Hanami is the Japanese word for a party under the cherry blossoms. Someone once told me that hanami is celebrating the cycle of life and the precarity of it since the blossoms, sakura, only last a couple weeks before falling to the ground. A foreigner told me this. Japanese, and my own experience from going to 4 hanami parties, tell me it’s just fun to drink under the beautiful blossoms.
My good friend Ross came to Japan a couple weeks ago to visit a few cities and, mainly, to ski. I went to go meet him in Tokyo and while we were checking out the shrine at Meijijingu we happened upon a huge hanami at Yoyogi park. The whole park was in blossom and there were families everywhere sitting on blue tarps, drinking wine and sake, taking photos and playing music from portable stereos.
We did the same thing again the following week near Ueno in Tokyo with my friend Hiroko. It was great fun. We met a bunch of new people and ended up at a small house party afterwards. The next week in Hiroshima we went to Koba rock bar and the owner, Bom, invited us to his hanami party the next day. This was the hardest partying hanami of the three we had been to. It took place right along one of the beautiful canals only a few hundred metres from where the atomic bomb was dropped.

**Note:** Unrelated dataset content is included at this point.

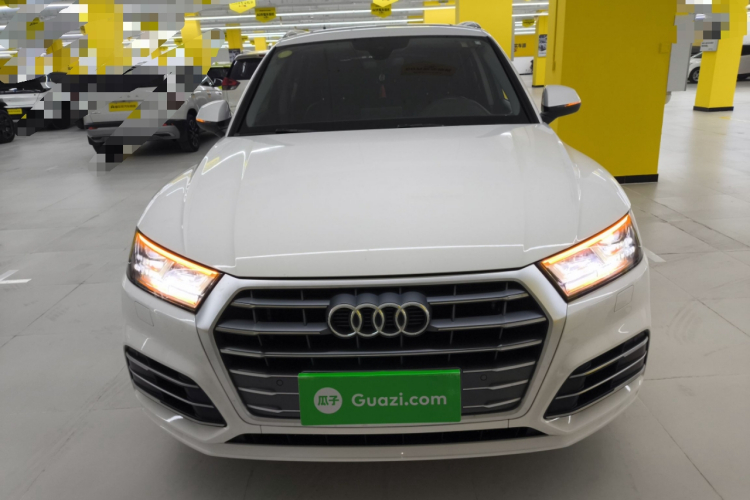 奥迪Q5L 2018款 40 TFSI 荣享时尚型 国V车身外观2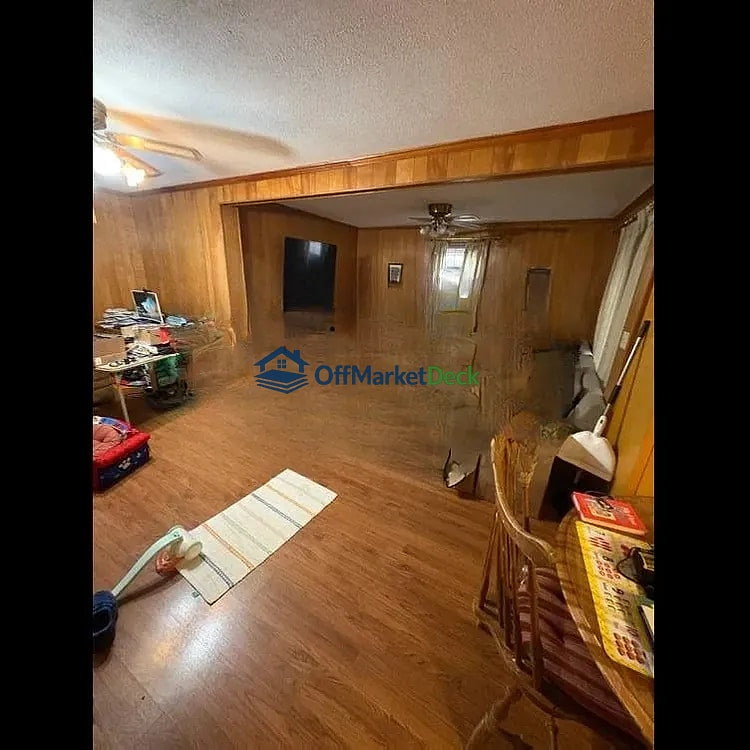 Off-market house in Smyrna, Georgia — 3 beds, 2 baths, $375,000 — photo 5 of 5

My 4th hanami of the season was at Takada castle. Japanese castles usually involve a large square moat with a high rock wall and the castle is really more of a multi-story wooden house than a stone European-style castle. The huge grounds of the castle had 4000 cherry trees in a beautiful white blossom and many of them were lit up with pink or purple lights. It was a really stunning sight and ripe for photo taking. Apparently the rest of Niigata prefecture thinks so too as it was overwhelmingly busy. The main difference between this and the other hanami I had seen was 200 or so vendors of food and alcohol and cake-on-a-stick, which had a line of about 50 people. Sadly I never got my cake-on-a-stick and had to settle for meat-on-a-stick.